If OEGE Trading is held liable by third parties as referred to in the previous paragraph, Buyer will fully reimburse OEGE Trading for all costs of legal and other assistance incurred by OEGE Trading in connection with such claims, such as defense, negotiation and the like. These costs shall be deemed to amount to at least 15% of the damages claimed, without prejudice to OEGE Trading’s right to recover the actual reasonable costs for legal assistance from Buyer. Buyer shall be allowed to prove that no damage was incurred at all or that the damage was substantially lower than the lump sum.

14.8.
Without prejudice to the foregoing, OEGE Trading shall never be liable to Buyer for a higher amount than the price stipulated in the agreement with Buyer for the delivery of the products and materials that have directly or indirectly led to the damage, including damage caused by delays.

14.9.
In all cases in which Buyer is obliged to indemnify OEGE Trading by virtue of the provisions of Clause 14, Buyer shall also be obliged to comply with a demand for indemnification by OEGE Trading in any legal proceedings.

14.10.
The right to compensation under the application of the aforementioned provisions of clause 14. for all contracts covered by the GTC shall expire one year after the invoice date.

15. Property rights of third parties

15.1
OEGE Trading warrants that in connection with the provision of the contractually agreed services under contracts pursuant to Section 2. of the GTC no third party property rights within the Federal Republic of Germany and the European Union are infringed. Protective rights within the meaning of this provision and the GTC are in particular, but not conclusively, patent rights, utility model rights, design rights/taste model rights, copyrights, trademark rights as well as the so-called supplementary performance protection under the German Unfair Competition Act (UWG).

15.2
In case of orders placed outside the Federal Republic of Germany and the EU, the respective Buyer is obliged to check, prior to a conclusion of a purchase contract and prior to delivery by OEGE Trading, whether the goods from the order placed with OEGE Trading may be offered, advertised, imported into or otherwise marketed in the respective delivery destination country and/or country of sale to end customers in compliance with the property rights applicable to the respective country.
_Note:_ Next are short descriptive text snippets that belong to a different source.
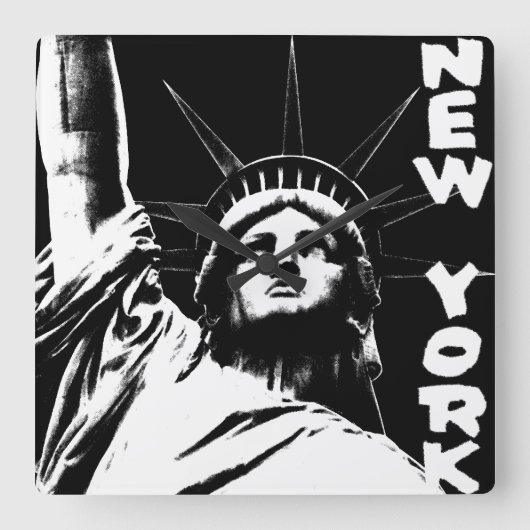 New York Klock Statue of Liberty Wall Clock Vierkante Klok (Voorkant)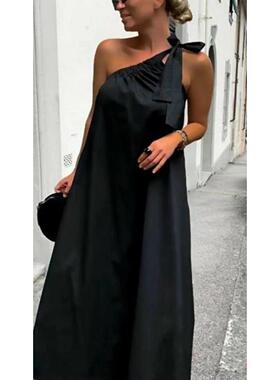Pin Shoulder Skirt Long Single Shoulder Strap Straight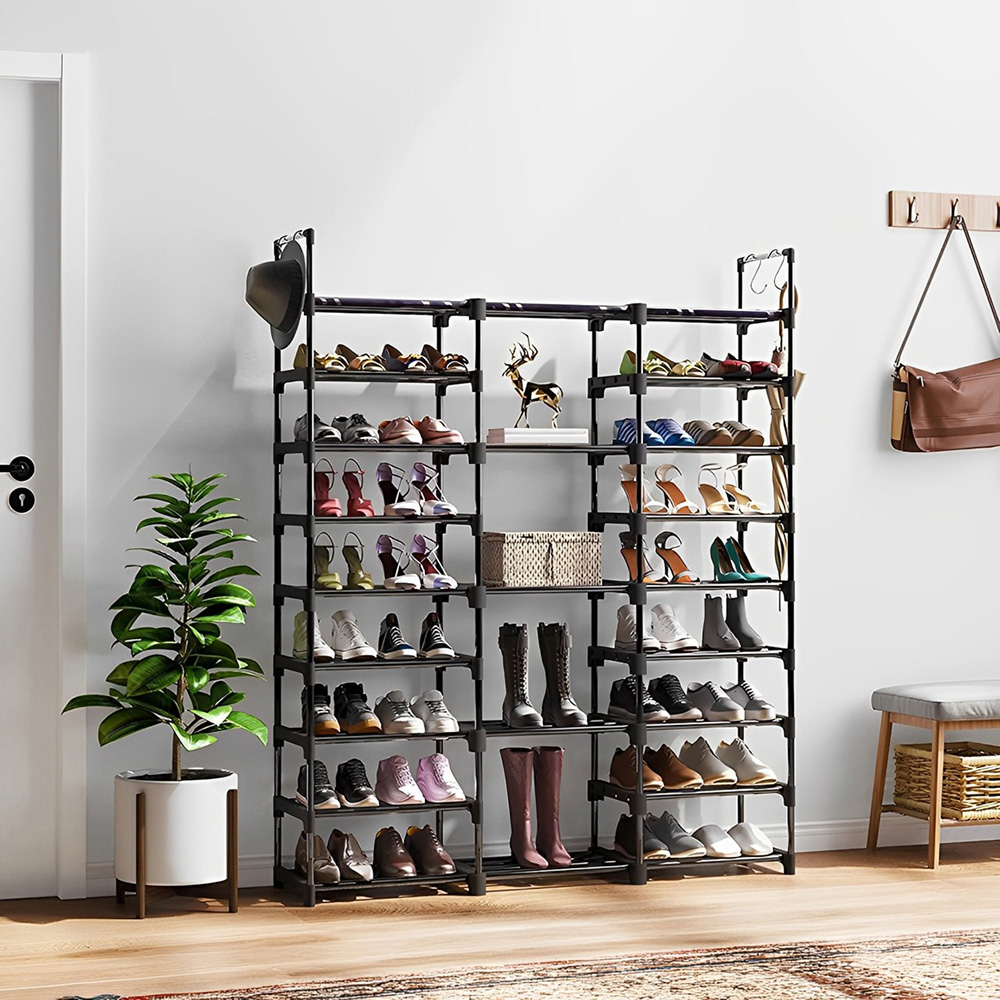 H&O Direct 9 Tier Black Open Shoe Rack Image 2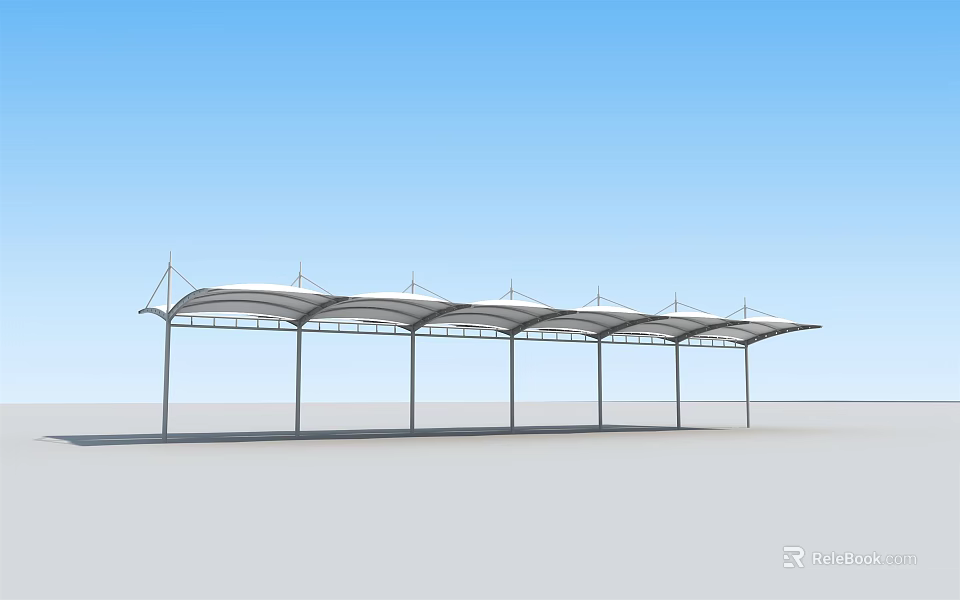 Modern Parking Lot Canopy Structure With Supporting Pillars And Membrane Roof 3d model 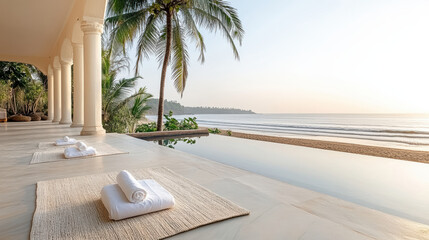 Plakat serene beachside view with palm trees and rolled towels at sunset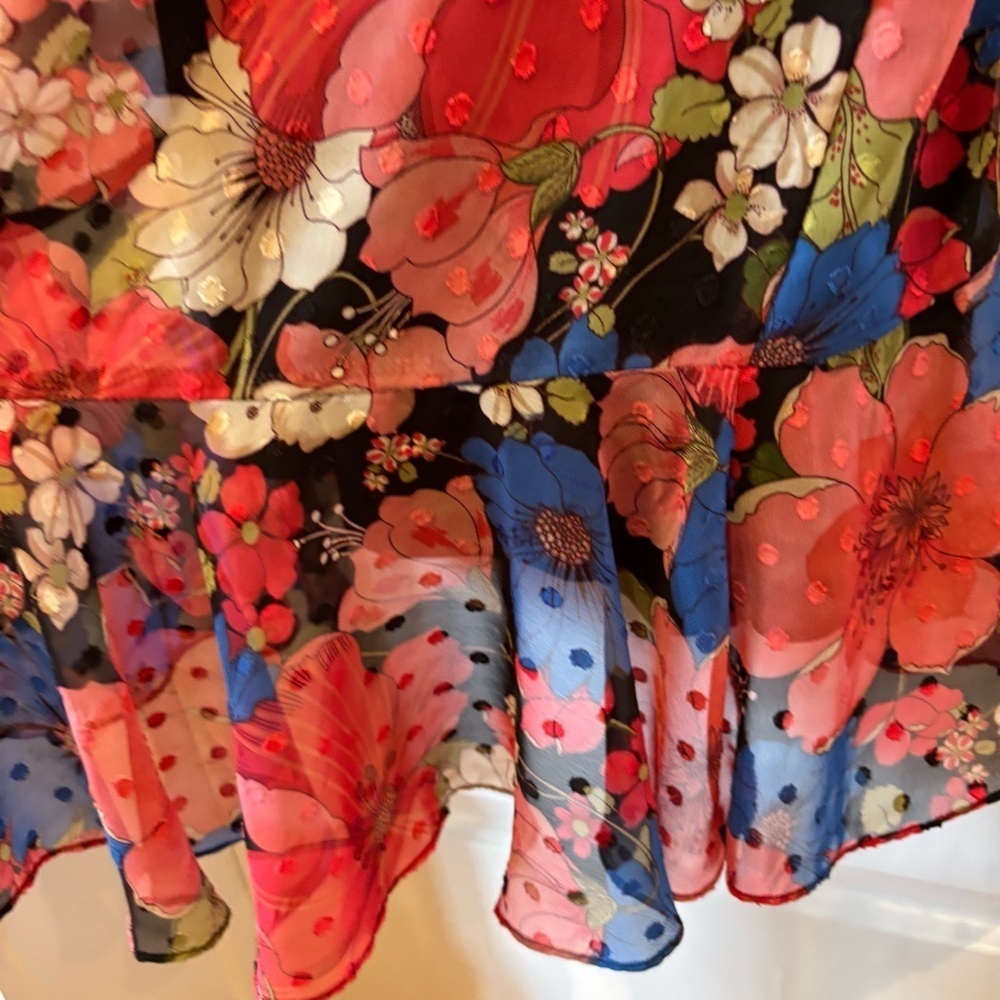 Danny & Nicole Floral Chiffon Midi Dress Red Blue Sheer Sleeve Women’s 4 - Picture 4 of 6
OEGE Trading does not carry out any examination of the respective property right situation. This is the duty of the Buyer.

15.3
The Buyer shall indemnify OEGE Trading against all claims of third parties arising from and in connection with the infringement of Intellectual Property Rights, which are asserted against OEGE Trading in breach of the obligation under 15.2. This indemnification refers to all expenses, damages and costs including costs for own and third party legal counsel.

16. Jurisdiction and Place of Performance

16.1
Provided that Customer is a merchant or entrepreneur, the place of jurisdiction shall be the registered office of OEGE Trading; however, OEGE Trading shall also be entitled to sue Customer at its registered office.

16.2
Unless otherwise stated in the order confirmation, OEGE Trading’s place of business shall be the place of performance.

17. Final provisions

17.1
German law shall apply to the conclusion and execution of all contracts.

17.2
The provisions of the United Nations Convention on Contracts for the International Sale of Goods (CISG) shall expressly not apply.

17.3
The contract shall be governed by the laws of the Federal Republic of Germany.

17.4
If one or more provisions of these Terms and Conditions are invalid, this does not entail the invalidity of the entire contract. The invalid provision shall be replaced by the applicable statutory provision.